Now lets jump into the anatomy of a tweet using a real example...see below:
Top Tech Trends in Healthcare: Patient Protection & Affordable Care Act, via @jamiechurchill > ow.ly/lFkPR #healthIT #ACA
Let's walk through each step, which I've color coded for your reference:
Step 1: Subject
In this example, "Top Tech Trends in Healthcare", is the title of the article I am referencing; this article outlines a list of the top five tech trends in healthcare today. It is not necessary to copy the article title word-for-word; in fact, I would recommend you modify it slightly otherwise you may appear "spammy" and automated.
The reason it works well here is because the article is a list of tech trends, and lists are sticky! They are simple to understand, quickly read and they do a great job of summarizing complicated or lengthy information.
Step 2: Sub-Title: Give the Audience Direction
The sub-title, Patient Protection & Affordable Care Act, helps the reader know what he/she is about to read. It is important that we create proper expectations for our audience. If you create a punchy title that has little to do with the actual article, the audience will feel duped when they visit your website!
It is important to engage with your audience and provide value. By creating relevant titles and sub-titles, we create proper expectations for our audience. Sub-titles are not always necessary; a great title can stand-alone.

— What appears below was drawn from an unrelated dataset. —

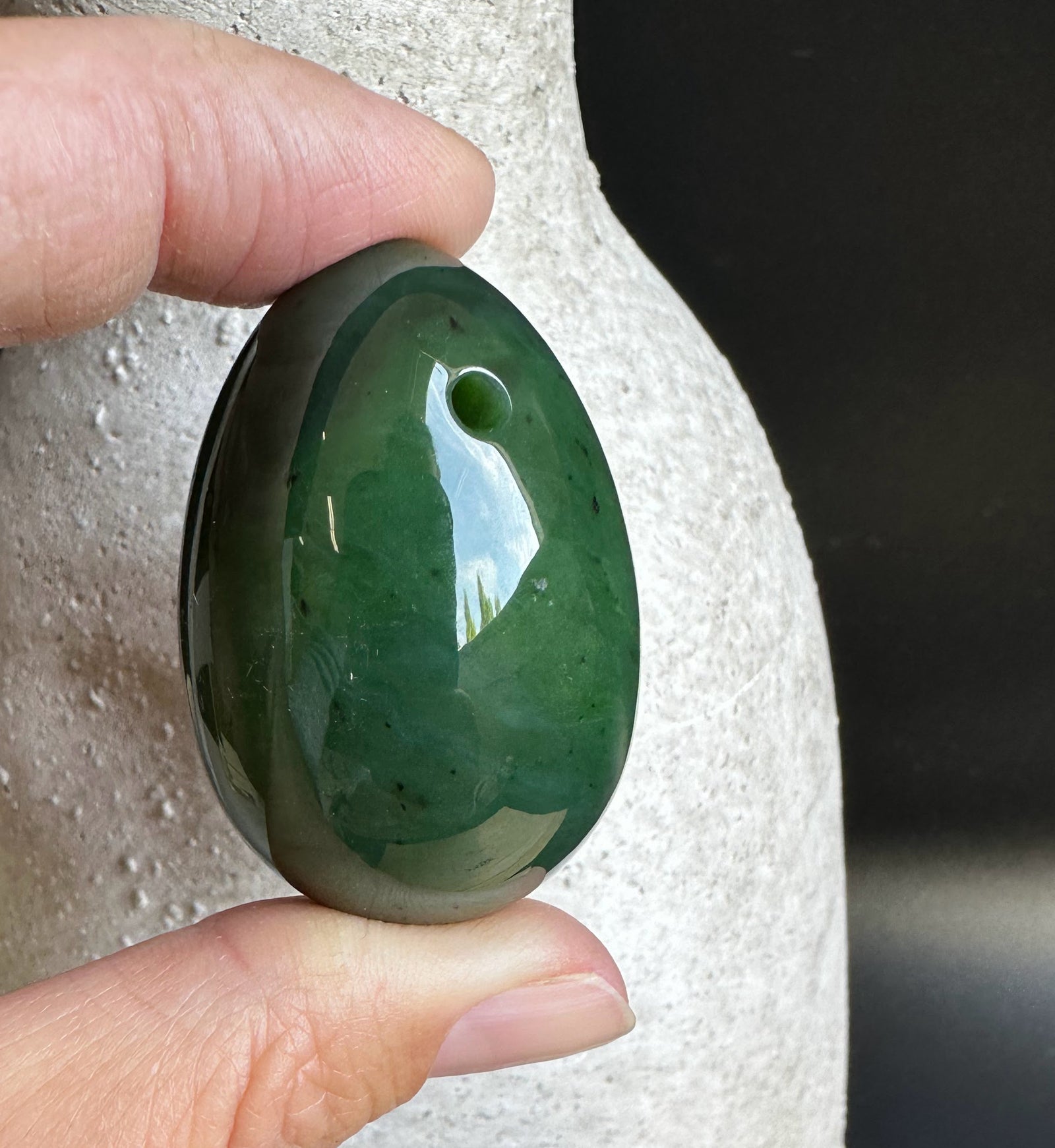 Canadian nephrite yoni egg 1.75 inches held between fingers, glossy dark green stone with a small hole near the rim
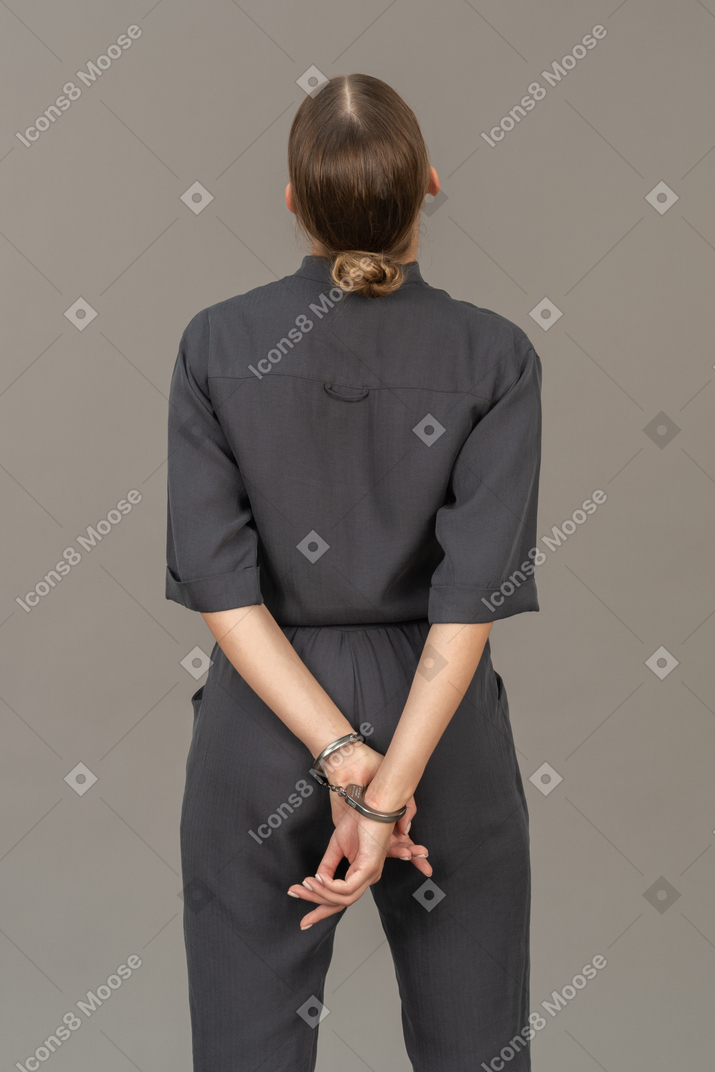 Вид сзади молодой женщины в комбинезоне в наручниках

Step 3: Giving Credit To Author
Similar to a work-cited page, it's important to give credit where credit is due. The "via" is an example of a correct way to reference the author. Always include a space after it when composing your tweets.
Furthermore, by placing the "@" sign directly in front of the author's twitter handle, my tweet will show up in jamiechurchill's interaction stream. This increases engagement with that message -- wahoo! I always search Google or Twitter to ensure I have the correct Twitter handle.
Step 4: Referencing the Article
The arrow ">", signifies the reference to the online article. It needs a space before and after the link. "ow.ly/lFkPR" is a shortened URL from the original website article. Include a space after the link.
Follow this link to see the top 25 URL shortening tools.
Note: If you are Tweeting from a mobile phone, shortening the URL is not an option. You can still include a link from a phone, however, it will be cut off. Viewers can still click on the link and it will function correctly. Link
Step 5: Hashtags
Last but not least, the infamous Twitter hashtags. Hashtags are case sensitive, so pay attention to how they appear on Twitter.
Hashtags should always be relevant to the article and the target audience. It is important to hashtag terms to position your message in front of the right audience; but stay away from tagging more than five terms in a single tweet because it looks "spammy".
In the color coded example above, I include hashtags at the end. However, you can tag words throughout the title as well. Tagging words in the title is useful when you are running out of space. Below are a few examples of hashtags used in different positions within a tweet**:**
- Stage 2 #MU: 10% Patient Use of #EHR to Qualify -- Should Raise Public Awareness of EHR Providers? Thoughts? @CMSGov > https://ow.ly/lMIZh
- #bluebutton Will Be a Game Changer @Rypanhair & @rypan ... #HealthIT Will Focus on Patient-Centric #healthcare Moving Forward. You agree?
Note: These are Influencer Engagement tweets and the format varies slightly from the above outline.